• _PROBLEM TO SOLVE_
The material below contains a line with "Suite, 1 King Bed" and a line with "Военнослужащие РФ поздравили". Copy exactly those two lines and all lines between them.

• _DATA TO EXAMINE_

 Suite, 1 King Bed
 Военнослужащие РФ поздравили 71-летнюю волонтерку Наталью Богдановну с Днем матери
---
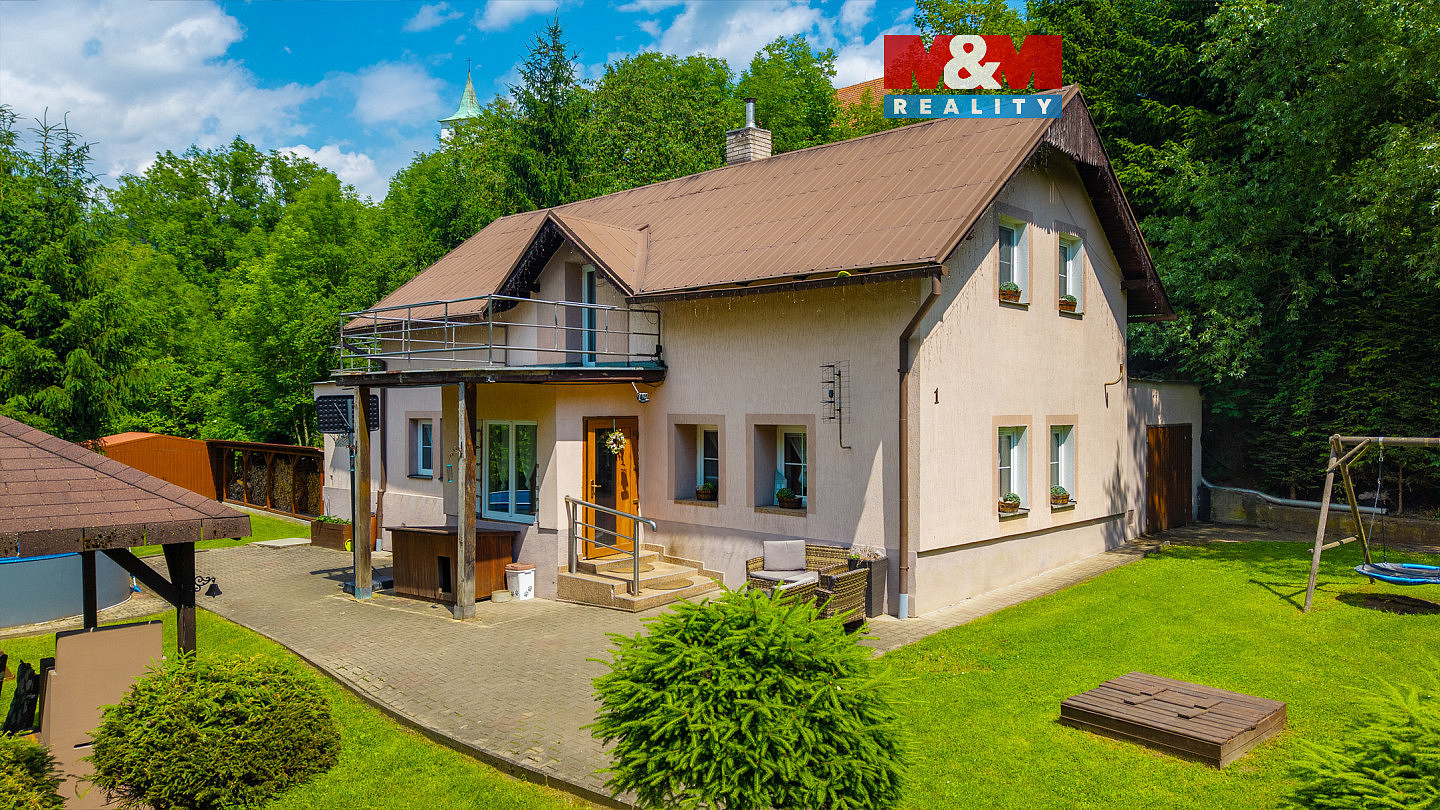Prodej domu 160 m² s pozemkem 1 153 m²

• _RESPONSE_
 Suite, 1 King Bed
 Военнослужащие РФ поздравили 71-летнюю волонтерку Наталью Богдановну с Днем матери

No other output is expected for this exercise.